And… if F-Droid decided to screw me it can do so anytime with or without this feature.

Forced? No, but… when I get my hands on your device… I (or the border guard that seized your device) will downgrade the app to the old version that didn’t need fingerprint/password to open… so I’ll bypass the auth, and read all your data/messages/pics etc.

It’s okay… right? RIGHT???

2 Likes

Getting at my own data is the motivation for this proposal so this is not only perfectly ok but desired.

Any app wanting to protect your data by an additional password should use that password to encrypt the secret data, anything else offers a very questionable level of security.

Just like backup by adb F-Droid could have an opt out mechanism for apps that for some reason don’t want it and it should be tagged as Anti-Feature if you ask me.

You may wonder why adb app data backup isn’t good enough for me - well it would be but a surprising number of apps are forced to disable it because Google backup would break them - one such example being Termux.

fwiw apps targeting Android 12 cannot opt-out of backups:

If your app is running on a device with Android 12 or higher and your app targets Android 12 (API level 31) or higher, you cannot disable device-to-device migration of your app’s files. In this case, the system automatically allows this functionality.

per <application>  |  Android Developers

Seedvault is classified as a d2d backup app.
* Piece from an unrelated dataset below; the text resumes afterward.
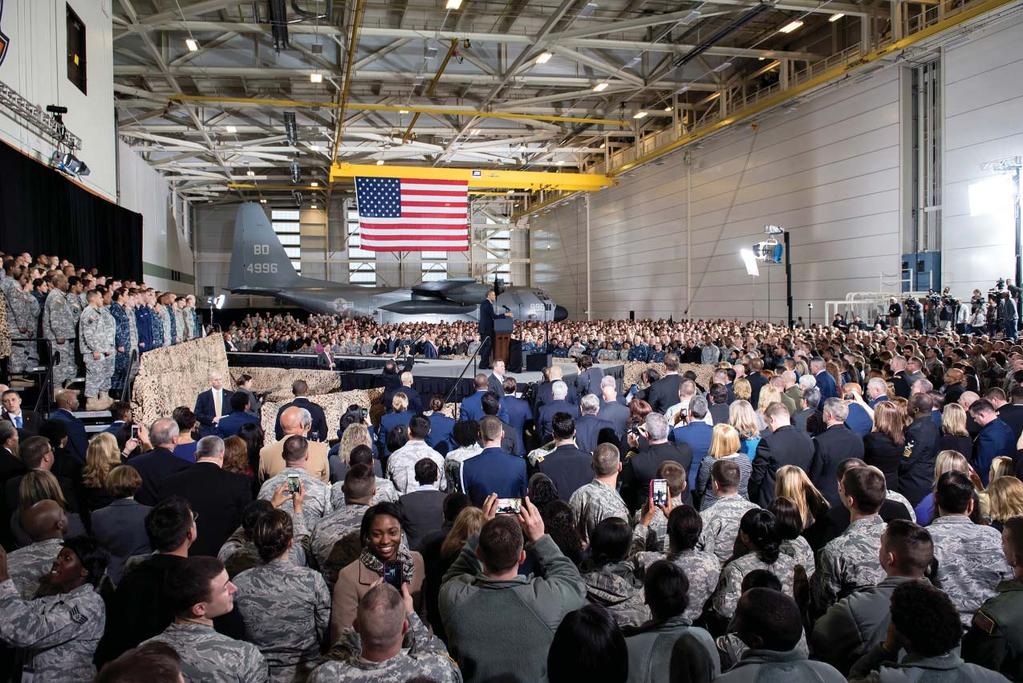 Above: Airmen from the 108th Wing joined more than 3,000 service members and Department of Defense civilians to listen to their Commander-in Chief, President Barack Obama, at Joint Base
Interesting, does that, mean adb app data backup will work for all apps? Somewhat doubt that google will let everyone examine the data stored by your banking apps?

Btw thanks for reminding me of seedvault. Unfortunately it looks like

  • only a miniscule fraction of Android users can use it as it needs support from the ROM vendor, the rest can in the best case “benefit” from Huawei/Xiaomi/Realme cloud backups that make you agree to dozens of pages of bullshit eulas and technically often suck
  • Seedvault still won’t deal with apps that disabled backups (for technical or other reasons) which is the subject of this thread
  • adb backup probably going away soon, making it even more urgent to have an alternative for the majority of users

Nevertheless I would consider it a great progress if F-Droid could list the fact whether an App allows data backups (adb, seedvault, Google cloud) next to the permissions and anti-features. Otherwise most users won’t notice until it is too late.

If people are that much concerned about this, it would be possible to have this as an opt-in feature: offer both versions of an app - one where the user is free to export and manipulate his own data and one where standard android data lock-in can’t be broken.

I am using Unix and Linux systems where every user has full access to his data since 30+ years so I am pretty sure which variant I would choose.

This is not *nix, I think Google might not want Linux (the kernel) in Android anyway, it was nice and useful to get devs and OEMs on board but all this openness costs them money… look at Apple… Google wants more of their pie! :slight_smile:

Fully agree this isn’t Linux - but given the popularity of Termux I wonder if I am the only one who would like to see more of the Linux pie than that of vendor lock-in.

F-Droid is making a big difference but having free access to my own user data is another very important aspect.

Now, technically F-Droid can do it. Some people don’t like the idea because they think it loses security. I think there are at least two ways to make the free data access fully optional.

One mentioned above, the other would be an option to re-sign some (or all) apps locally… that way there would be no additional burden for F-Droid to distribute separate apks. This is of course already doable without the help of F-Droid and could also be used to work around issues like the broken Termux:GUI signature or beta testing apps with incompatible signature.